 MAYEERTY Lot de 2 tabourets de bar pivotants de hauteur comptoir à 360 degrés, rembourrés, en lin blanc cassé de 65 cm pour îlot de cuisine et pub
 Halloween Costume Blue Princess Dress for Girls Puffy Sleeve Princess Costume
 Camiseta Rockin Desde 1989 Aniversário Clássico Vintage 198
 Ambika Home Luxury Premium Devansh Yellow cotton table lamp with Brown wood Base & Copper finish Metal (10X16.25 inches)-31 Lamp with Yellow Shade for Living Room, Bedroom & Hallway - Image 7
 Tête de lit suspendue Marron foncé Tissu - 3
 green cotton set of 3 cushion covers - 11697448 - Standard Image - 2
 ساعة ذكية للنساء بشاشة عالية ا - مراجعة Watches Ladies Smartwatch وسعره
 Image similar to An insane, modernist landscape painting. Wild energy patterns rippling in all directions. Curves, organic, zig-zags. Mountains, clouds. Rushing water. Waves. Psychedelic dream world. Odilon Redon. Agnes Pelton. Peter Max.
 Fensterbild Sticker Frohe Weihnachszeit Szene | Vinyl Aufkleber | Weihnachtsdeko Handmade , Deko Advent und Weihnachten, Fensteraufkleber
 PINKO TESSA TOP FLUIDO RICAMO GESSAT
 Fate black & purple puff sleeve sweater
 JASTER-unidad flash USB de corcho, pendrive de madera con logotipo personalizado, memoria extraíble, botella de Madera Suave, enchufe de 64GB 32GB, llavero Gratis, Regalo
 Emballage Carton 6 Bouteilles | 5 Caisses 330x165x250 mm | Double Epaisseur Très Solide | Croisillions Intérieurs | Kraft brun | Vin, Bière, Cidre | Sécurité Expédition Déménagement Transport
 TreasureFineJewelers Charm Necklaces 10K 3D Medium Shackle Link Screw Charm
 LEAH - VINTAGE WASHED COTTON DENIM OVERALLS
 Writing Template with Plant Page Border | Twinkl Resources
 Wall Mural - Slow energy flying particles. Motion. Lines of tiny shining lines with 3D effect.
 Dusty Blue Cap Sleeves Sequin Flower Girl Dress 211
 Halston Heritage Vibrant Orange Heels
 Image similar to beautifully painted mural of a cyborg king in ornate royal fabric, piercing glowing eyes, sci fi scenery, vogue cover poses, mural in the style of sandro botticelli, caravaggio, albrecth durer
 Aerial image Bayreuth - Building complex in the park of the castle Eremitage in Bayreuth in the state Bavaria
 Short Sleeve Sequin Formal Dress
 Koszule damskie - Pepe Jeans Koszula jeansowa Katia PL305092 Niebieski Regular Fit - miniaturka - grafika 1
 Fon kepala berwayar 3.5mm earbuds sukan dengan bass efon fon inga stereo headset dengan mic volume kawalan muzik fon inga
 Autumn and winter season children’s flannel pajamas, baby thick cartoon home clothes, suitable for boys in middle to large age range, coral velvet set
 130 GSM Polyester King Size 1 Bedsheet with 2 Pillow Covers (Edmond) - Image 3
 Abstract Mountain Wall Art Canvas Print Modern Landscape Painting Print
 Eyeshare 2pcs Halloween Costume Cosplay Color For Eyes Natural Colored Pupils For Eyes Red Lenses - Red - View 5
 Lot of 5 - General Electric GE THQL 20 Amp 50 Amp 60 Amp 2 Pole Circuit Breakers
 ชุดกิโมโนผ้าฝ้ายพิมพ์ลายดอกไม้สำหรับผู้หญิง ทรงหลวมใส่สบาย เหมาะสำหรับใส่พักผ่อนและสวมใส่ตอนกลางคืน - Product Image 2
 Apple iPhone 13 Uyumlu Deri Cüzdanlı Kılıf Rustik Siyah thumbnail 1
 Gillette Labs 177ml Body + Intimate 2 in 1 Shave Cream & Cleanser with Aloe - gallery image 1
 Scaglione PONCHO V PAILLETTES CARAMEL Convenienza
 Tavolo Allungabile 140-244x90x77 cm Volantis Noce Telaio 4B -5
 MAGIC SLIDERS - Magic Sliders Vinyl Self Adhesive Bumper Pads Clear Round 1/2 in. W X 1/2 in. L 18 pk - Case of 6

### Action item
In the listing above, find the line containing "Koszule damskie - Pepe" and the line containing "Fon kepala berwayar", then retype both and every line between them exactly, with nothing else.

### Task output
 Koszule damskie - Pepe Jeans Koszula jeansowa Katia PL305092 Niebieski Regular Fit - miniaturka - grafika 1
 Fon kepala berwayar 3.5mm earbuds sukan dengan bass efon fon inga stereo headset dengan mic volume kawalan muzik fon inga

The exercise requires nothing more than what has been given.